Angusto, stretto, buio. Privo di qualsiasi prospettiva di ritorno. Mentre le pareti cuoiose si stringevano attorno ai fianchi e la testa, e la pinna, e la coda, il malcapitato essere si chiese come avesse fatto per finire in questa situazione. Da dove, ed in che modo, il suo torturatore fosse scaturito all’improvviso, avviando l’iter degli eventi che a tutti gli effetti, avrebbe presto condotto alla sua irrimediabile dipartita. “Ma un pesce non ha certo alcuna cognizione della sua mortalità” pensò lo Sternoptychidae con l’alta pinna e il corpo segmentato: “Quindi perché mai dovrei preoccuparmi?” Il suo mondo, adesso, era ormai quello e ad ogni modo, presto le cose avrebbero trovato il modo di migliorare. Per un attimo, come all’apertura di una possibile via d’uscita, s’intravide innanzi un tiepido bagliore.. Proveniente dall’imbocco, se non vogliamo usare il termine specifico di “bocca” del padrone della camera pulsante, colui che aprendola e chiudendola, riusciva a controllare il fato degli sventurati nuotatori abissali. Mentre come sbarre alle finestre, gli appuntiti denti piegati all’indentro ricordavano al malcapitato l’ora esatta del suo ultimo capitolo, già cominciato. Senza luce, senza fiato, senza spazio per aprire le sue branchie, per qualche ultimo minuto di coscienza egli pensò: “Se SOLTANTO almeno una volta, avessi potuto cogliere il suo sguardo, guardare negli occhi il mio carnefice, chiedendogli il nome…”
Chiasmodon niger: se lo conosci lo eviti, se lo incontri, cambi strada e vai dall’altra parte perché dopo tutto, nel profondo dell’oceano a 700-2.500 metri, che differenza vuoi che possa fare? Sebbene come lascia presagire il nome, non sia facile riuscire a scorgerne la forma nei recessi tanto remoti dell’altissima colonna marina, ove i flutti confluiscono in un Maelstrom e le scie svaniscono, come la coda di una cometa in una sera oscurata dalle nubi.
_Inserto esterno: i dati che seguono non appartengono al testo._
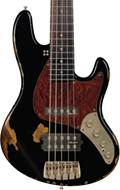 Sandberg California II TM 5 String Hardcore Aged Black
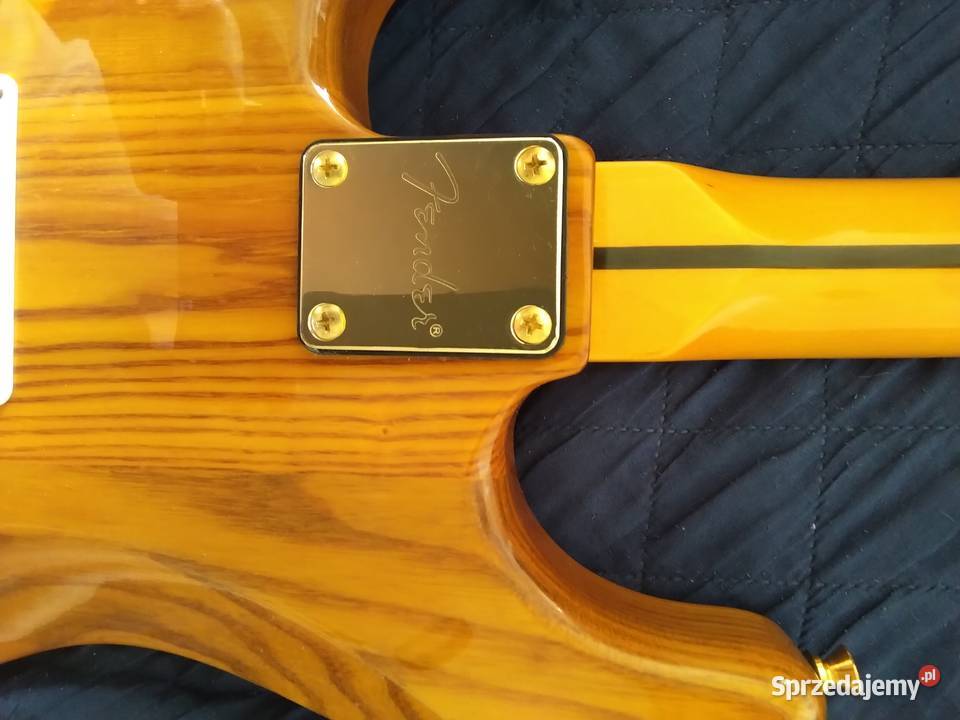 Fender Stratocaster sprzedam
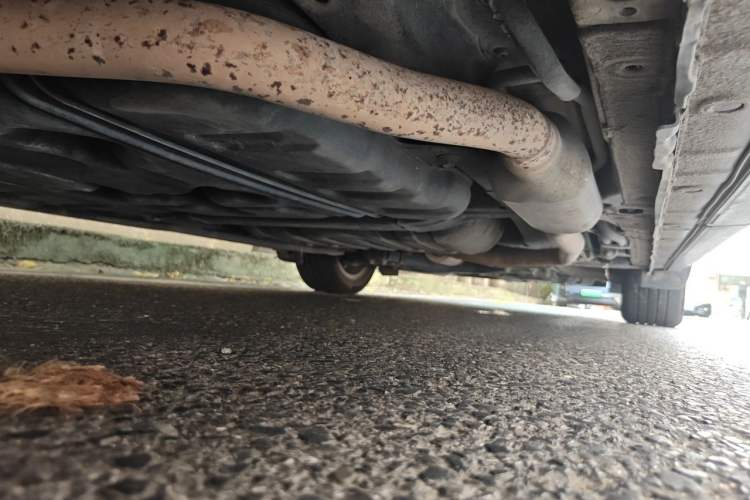 Used Honda Odyssey 2019 2.0L Rui-Zunxiang Edition Chassis Rear Right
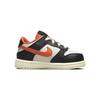 Nike Dunk Low Premium TD Halloween 2021 Baby Sneakers Black Sail Starfish DM0717-100
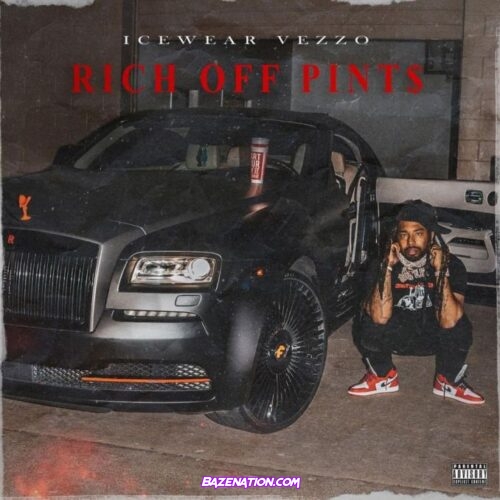 Icewear Vezzo - 6 Up Mp3 Download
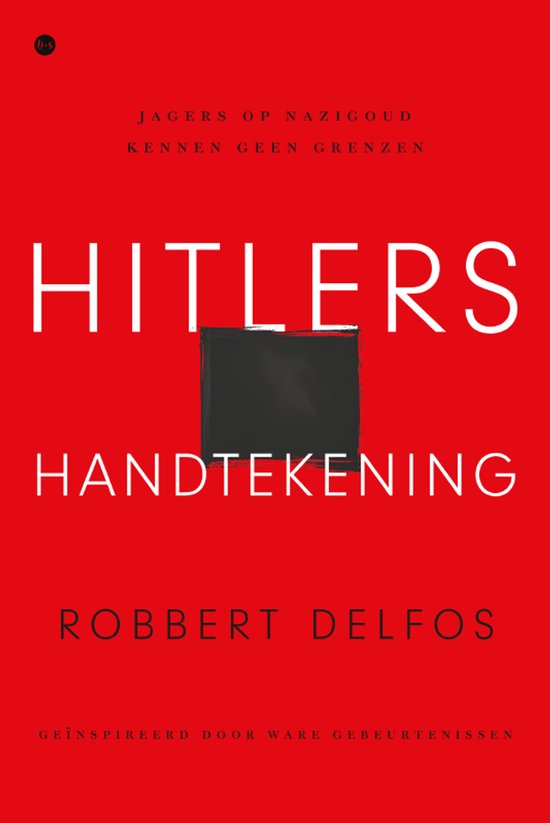 Hitlers handtekening - cover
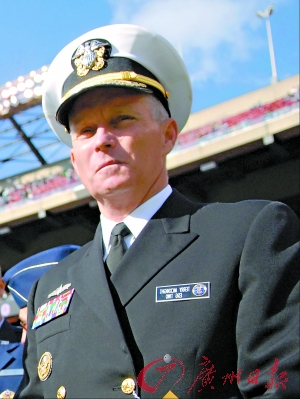 美国欲组国际反海盗部队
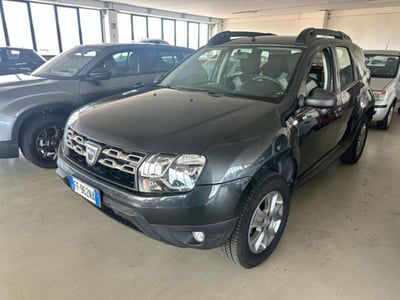 Dacia Duster 1.5 dCi 110CV 4x2 Lauréate Family N1 usata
Così egli piomba, sfruttando l’agilità superiore alla media concessa dalle lunghe pinne pettorali e quella coda con tanto di spina velenosa, sulle prede inconsapevoli, iniziano efficientemente a fagocitarle. Ora se dovessimo giudicare il pesce ingoiatore sulla base di ciò che mangia, un po’ come vorrebbe lo stereotipo, penseremmo di aver parlato fino ad ora di un piccolo squalo o equivalente predatore, vista la dimensione degli esseri che gli riesce d’inserire all’interno del suo corpo relativamente allungato. Fino a 86-100 cm di bestie, consumate a fronte di un laborioso sistema di slogatura reiterata della mascella, con avanzamento di pochi centimetri alla volta lungo l’estensione di quegli scagliosi corpi o spuntini dell’ora di cena. Questo perché l’astuto e temibile anti-eroe, nella realtà dei fatti, possiede una lunghezza massima di circa 25 cm pari a quella di un sovradimensionato pesce rosso, cionondimeno sufficiente a trangugiare esseri che superano di fino a quattro volte la sua complessiva capacità di spostare l’acqua durante una placida nuotata verso arcane destinazioni. E come ciò possa succedere non è difficile giungere a capirlo, nel momento in cui osservando dal basso l’affamato dominatore riesce ancora possibile apprezzare facilmente l’intera sagoma di ciò che ha catturato attraverso la membrana semi-trasparente di ciò che potremmo paragonare, senza particolari dubbi, all’effettiva forma di un pallone da basket o volleyball di una tipologia particolarmente inquietante. Non che tale scena debba in alcun modo apparirci strana ed innaturale, essendo essa stessa una diretta risultanza del sistema evolutivo della natura…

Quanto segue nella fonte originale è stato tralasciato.